When considering the U.S. market in the context of other winemaking areas of the world, such as Europe, the generational story isn’t often there. A producer like Hugel in Alsace, for example, counts 13 generations behind it. And it’s not uncommon to hear of the youngest generation in places like Crete or Taurasi, which used to sell grapes to bulk wine companies, turning a family’s grape-growing business into a winemaking estate.
Stateside, however, being acquired is often the goal, especially for upstart brands. It was vital in the dot-com boom and start-up culture of the past couple of decades. And when speaking with Petroski several years ago, he made clear to me that he was building Massican to be a lifestyle brand that would appeal to a larger luxury company.
“We’ve all been kind of circling around this conversation, of what’s the future of the wine industry and who is the future wine consumer,” Petroski says. “It seems like we’re still trying to navigate the whole space, and the best way for me to consider new audiences was to create new content around the wine brand to create that luxury lifestyle brand.”
Massican is not just a line of wine; it’s also an online magazine, Substack newsletter, a future place in the Metaverse, an NFT, a soon-to-publish cookbook, and potentially more.
But Petroski didn’t anticipate the offer from Gallo to come so early in the brand’s existence.
“When I had a glass of wine with Dan before harvest last year, I was inspired by his vision,” Gallo says. “It aligned with the value my family and our company have of bringing more people into wine. Dan has been able to accomplish a lot, essentially by himself.”
The two stayed in touch and Gallo approached Petroski with the deal this year. Gallo will own the Massican brand and inventory (the brand does not own vineyards). Petroski will stay on long-term with the goal of increasing production to 50,000 cases in the first five years, and continue to drive the brand vision as well as its winemaking. Other terms were not disclosed.
“We need to get out of this love affair of niche production,” Petroski says. It’s not enough for a wine brand — or the industry — to succeed with just a handful of fans, which Petroski has certainly succeeded in building over the years. “We need a hundred thousand, we need a million people to be really, truly great and to leave a lasting impact.”
Much like the wines themselves, the audiences for Rombauer and Massican vastly differ. Gallo calls Rombauer a legacy brand with a loyal following. Massican, however, appears to be a play at a newer audience of consumers.

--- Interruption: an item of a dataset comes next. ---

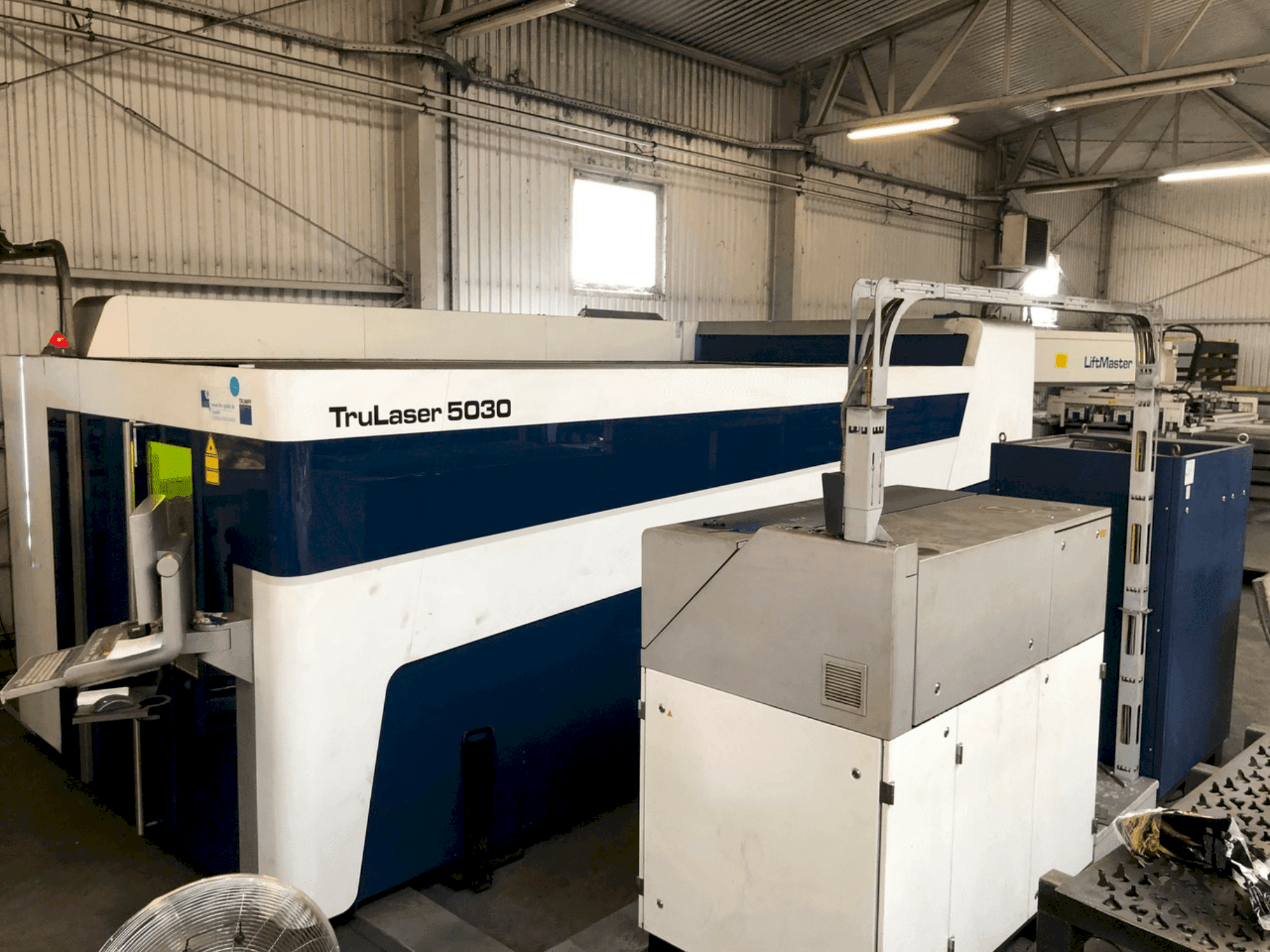 A TRUMPF Trulaser 5030 Fiber gép elölnézete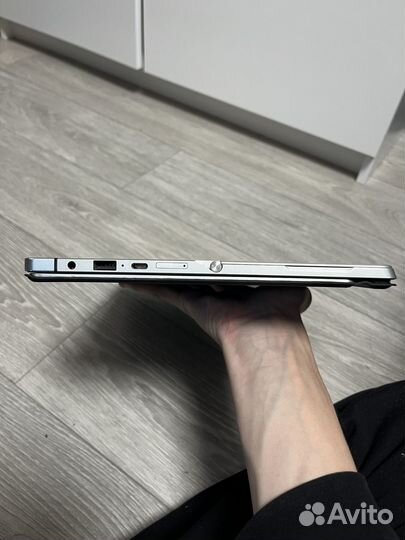 Лаптоп HP elite x2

Both brands allow Gallo to test the waters for future acquisitions. If it succeeds with maintaining Rombauer’s brand integrity with its fans, it could boost the confidence of other well-established estates looking at Gallo as a future buyer. On the flip side, given that Massican owns few assets, meaning no physical vineyards or tasting room, the brand is a lower-risk investment for Gallo. If it succeeds, it creates a blueprint for potential future acquisitions of boutique labels that may have a similar model as Massican.
STATE OF THE INDUSTRY
The domestic wine market is badly in need of consumers. In 2022, U.S. per-capita wine consumption dropped by almost 9 percent compared to 2021 — the largest decline since 1947 — according to Karl Storchmann, editor of the Journal of Wine Economics and executive director and vice president of the American Association of Wine Economists AAWE.
Silicon Valley Bank has reported on the decline in its annual State of the Wine Industry report since 2018. But in a twist, according to the 2023 report, which offers data from 2022 and projections for the coming year, dollar sales were expected to be up 1 to 2 percent in 2023, thanks to the growth of higher-priced tiers (the $15–$24.99, and the $25–$49.99 categories were both up 6.8 percent while wines priced $50-plus were up 10 percent). Although smaller in volume, these tiers serve as a Band-Aid of sorts given dramatic declines of wines in the $15-and-under category.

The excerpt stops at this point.